TASK DETAILS: With the pictures removed, the data below must be transcribed in full and exactly.

Top of EXERCISE DATA

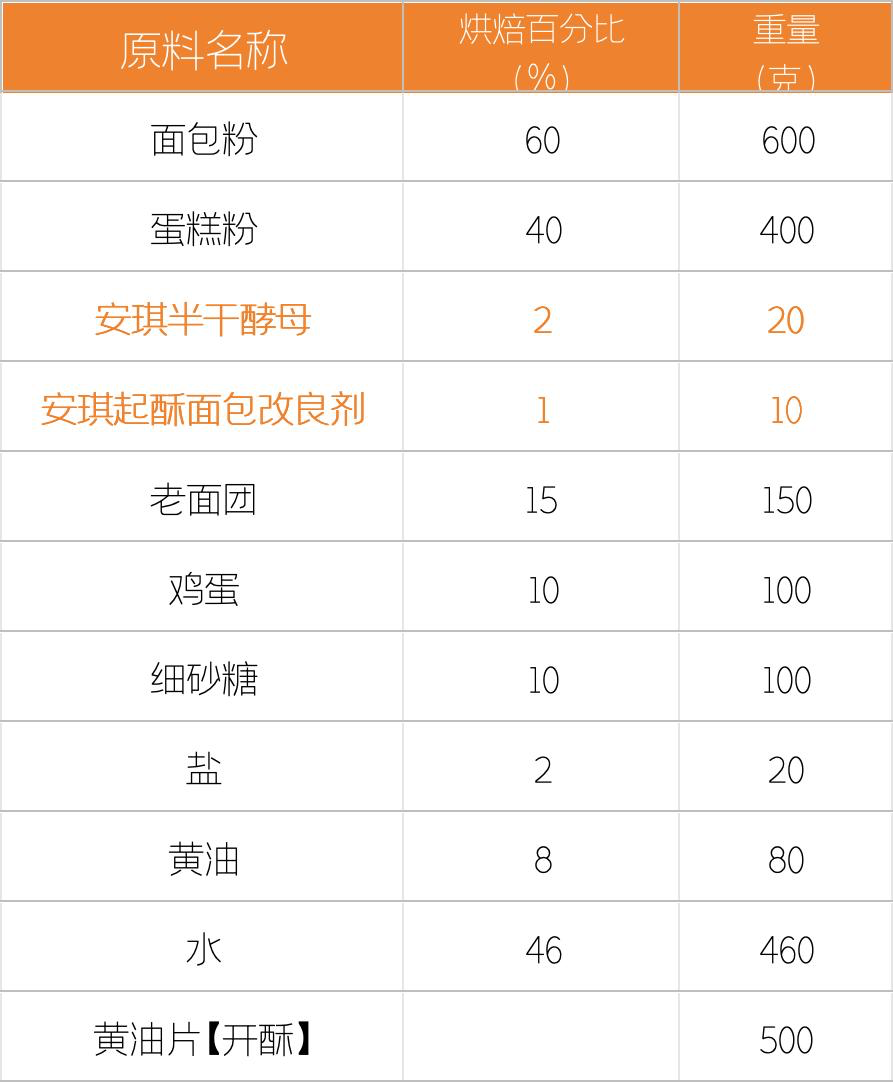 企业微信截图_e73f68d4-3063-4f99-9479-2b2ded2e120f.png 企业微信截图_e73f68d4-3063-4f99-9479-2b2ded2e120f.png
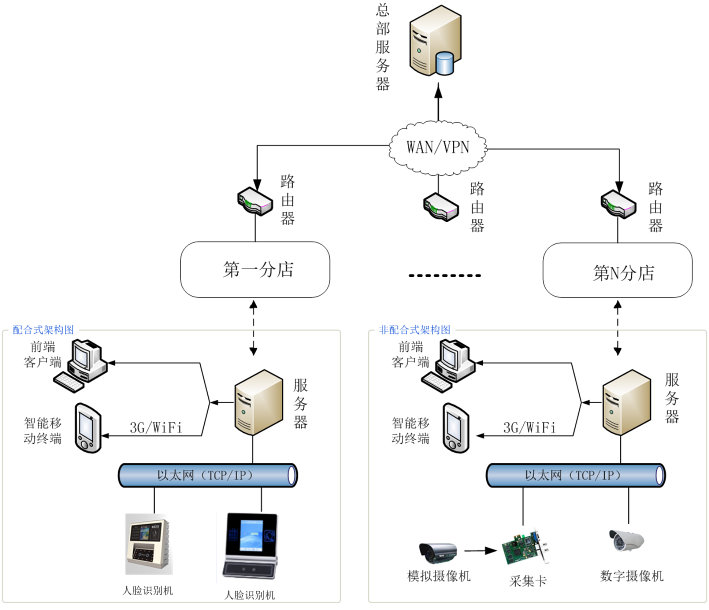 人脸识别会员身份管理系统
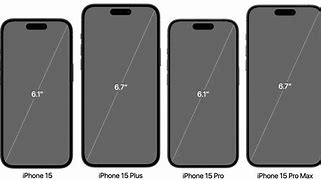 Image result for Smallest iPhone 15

Bottom of EXERCISE DATA

TASK RESPONSE:
 企业微信截图_e73f68d4-3063-4f99-9479-2b2ded2e120f.png 企业微信截图_e73f68d4-3063-4f99-9479-2b2ded2e120f.png
 人脸识别会员身份管理系统
 Image result for Smallest iPhone 15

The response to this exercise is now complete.